Poster
Making Text Embedders Few-Shot Learners
Chaofan Li · Minghao Qin · Shitao Xiao · Jianlyu Chen · Kun Luo · Defu Lian · Yingxia Shao · Zheng Liu
Hall 3 + Hall 2B #636
Large language models (LLMs) with decoder-only architectures have demonstrated exceptional text-generation capabilities across a variety of tasks. Some researchers have also adapted these models for text representation tasks. However, in text representation tasks, these models often face performance degradation on unseen tasks. In-context learning (ICL), which leverages examples provided in the input context, enables LLMs to handle unseen tasks effectively. Inspired by this, we aim to fully utilize the inherent properties of LLMs to enhance text representation performance across different tasks through the ICL approach.In this paper, we introduce a simple yet effective training strategy, which significantly improves text representation capabilities.

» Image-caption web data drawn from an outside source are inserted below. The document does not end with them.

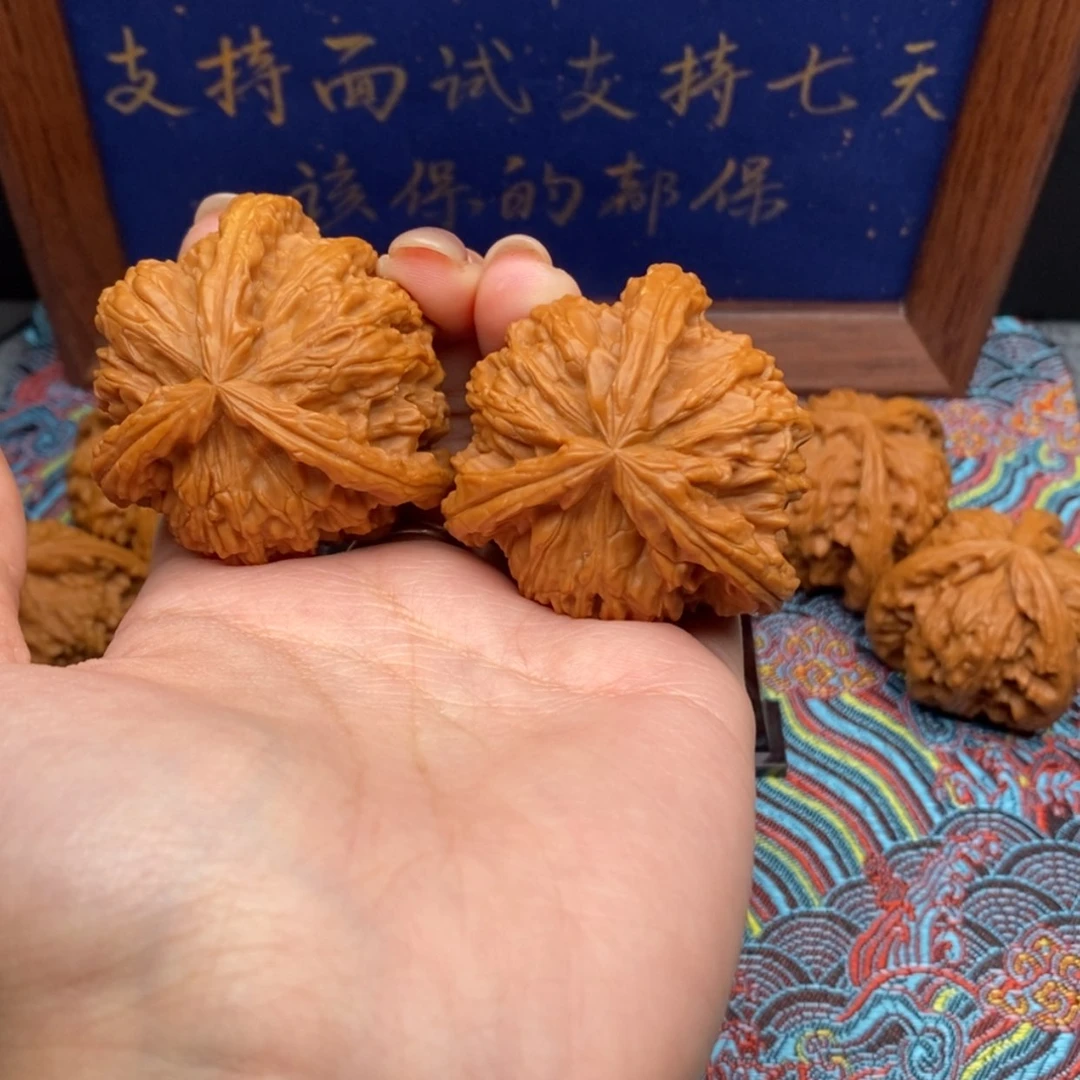 【闪购商品】天*云白狮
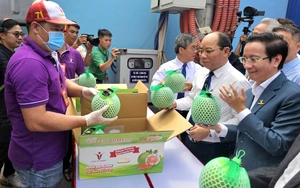 Australia seeks Vietnam market access for kangaroo meat, lychee - Ảnh 2.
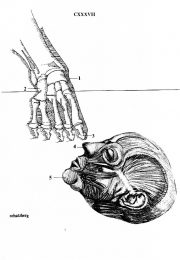 thumbnail of cobo-propaganda-boicot-al-mundial-78-34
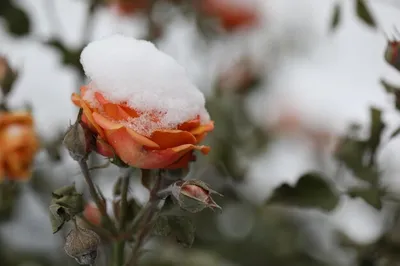 Изображение розы под снегом на белом фоне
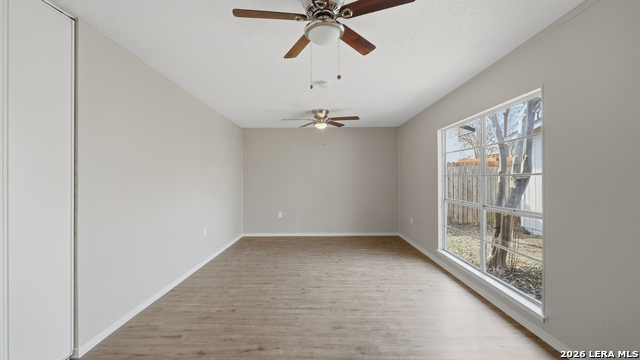 Image 18 of 39 For 10321 Little Sugar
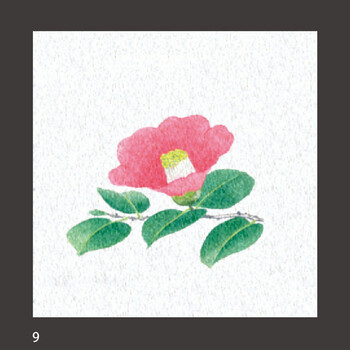 両面ラミ四季彩シート 200枚 9柄 キッチン 日本製 送料無料-8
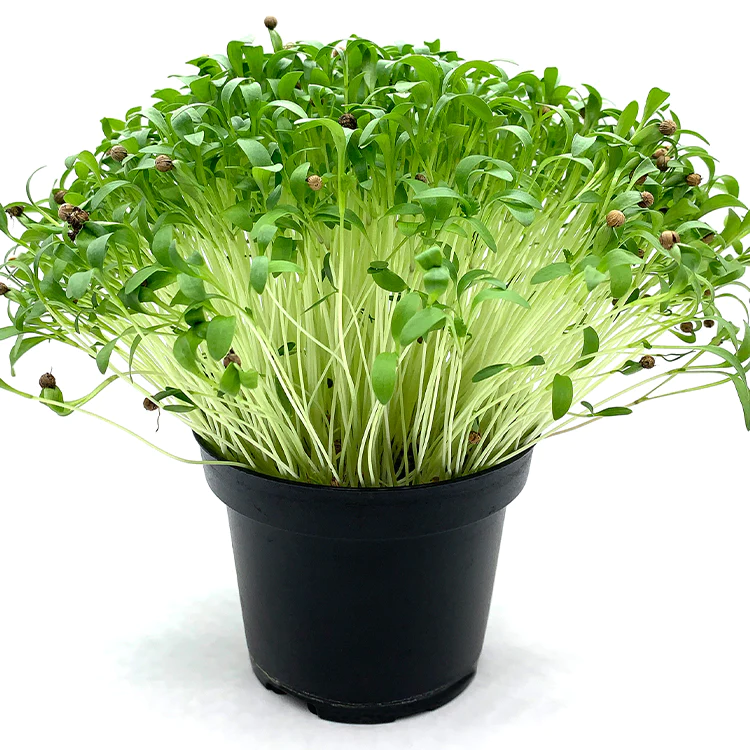 Microgreens di Coriandolo Bombei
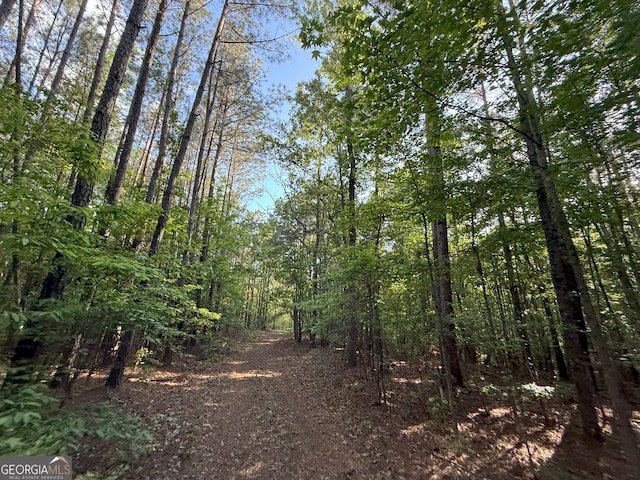 13 Cedar Creek Rd, Elberton, GA 30635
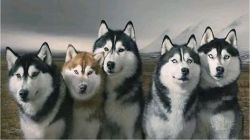 Alaskan Husky and puppies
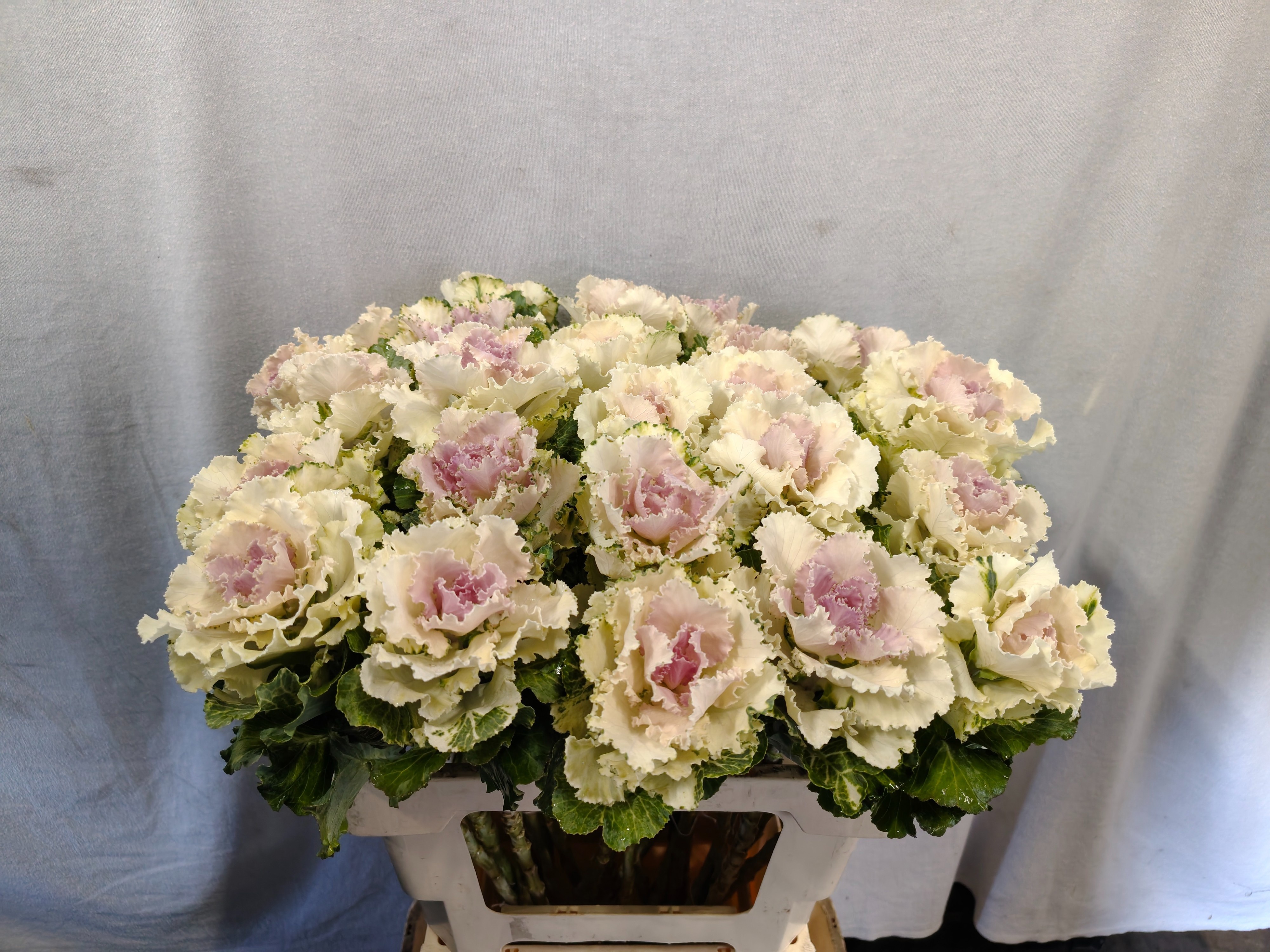 Brassica Crane Ruffle Bicolor 60cm
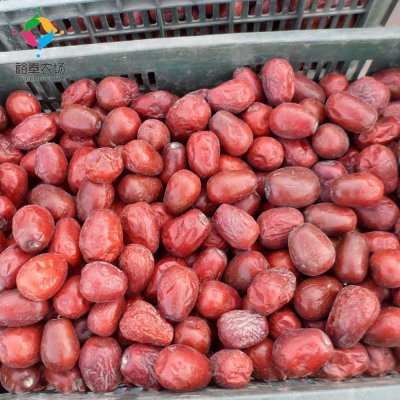 新疆裕奉高效农业开发有限公司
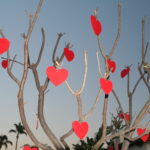 The Great Day of Love-Valentine’s!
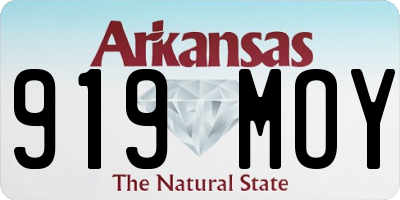AR license plate 919MOY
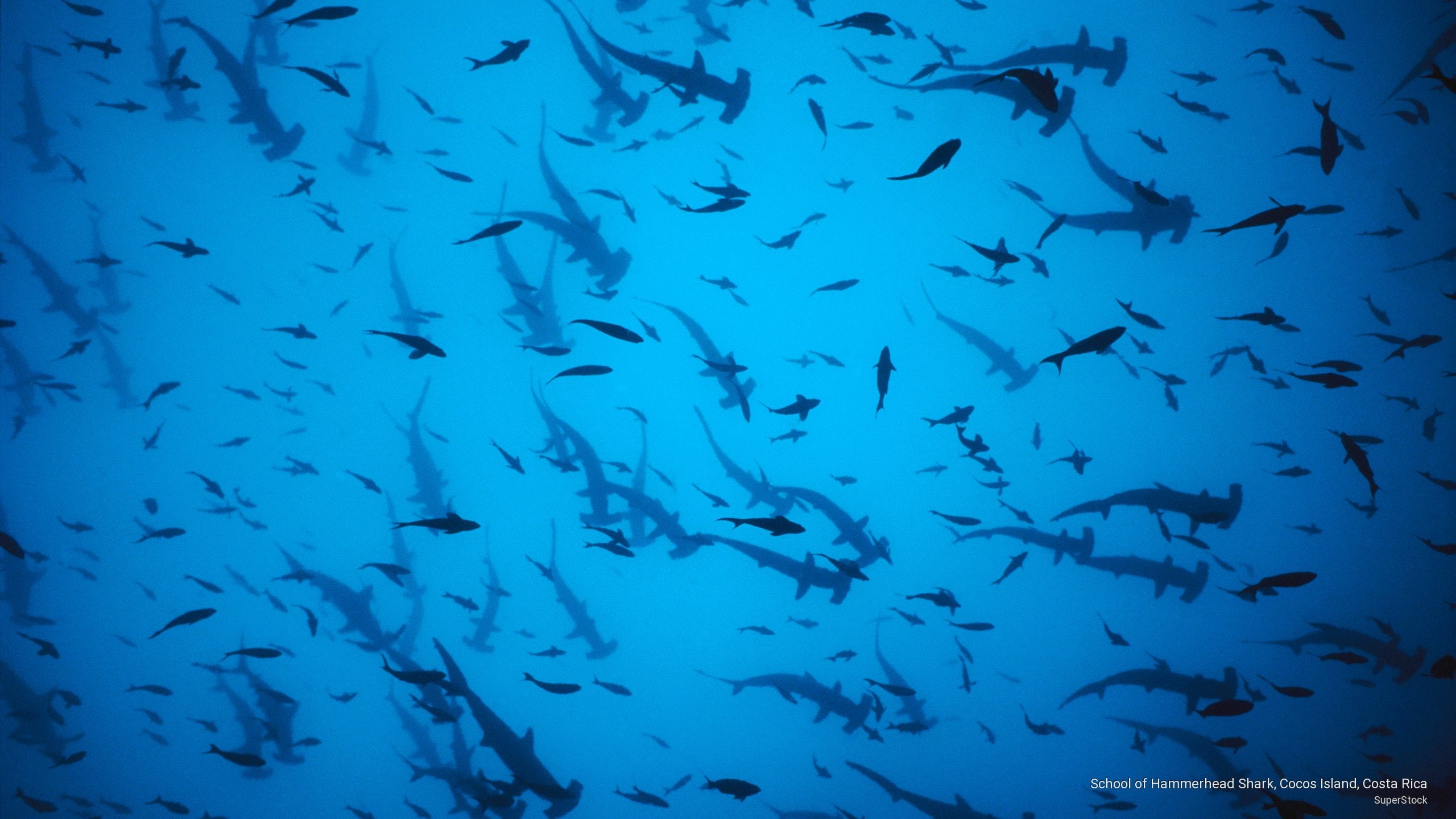 shark, rica, school, costa, hammerhead, island, Ocean Life, cocos, 2K, HD Wallpaper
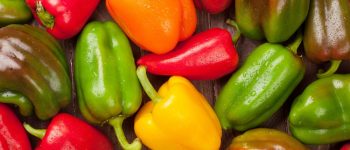 Il peperone: multivitaminico verde, rosso o giallo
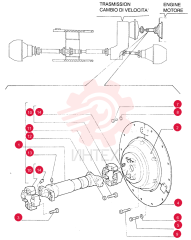 DRIVEN SHAFT 79109962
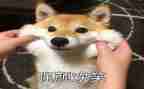作文微笑600字8篇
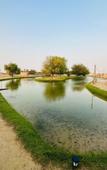 Туры в отель Al Marmoom Dome Luxury Desert Experiential Stay
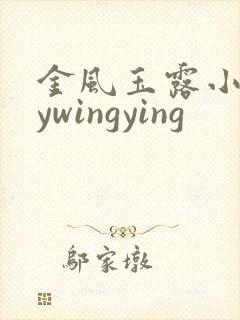 金风玉露小说bywingying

Unlike previous models that prepend task instructions to the text, our method randomly samples a varying number of examples during training, endowing the embedding model with in-context learning abilities while maintaining its zero-shot capabilities. This approach does not require additional data construction or modifications to the model architecture. On the contrary, we find that some popular modifications to the model, such as bidirectional attention, can degrade performance, undermining the inherent characteristics of LLMs. We have publicly released our method at this \href{https://github.com/FlagOpen/FlagEmbedding}{repo}.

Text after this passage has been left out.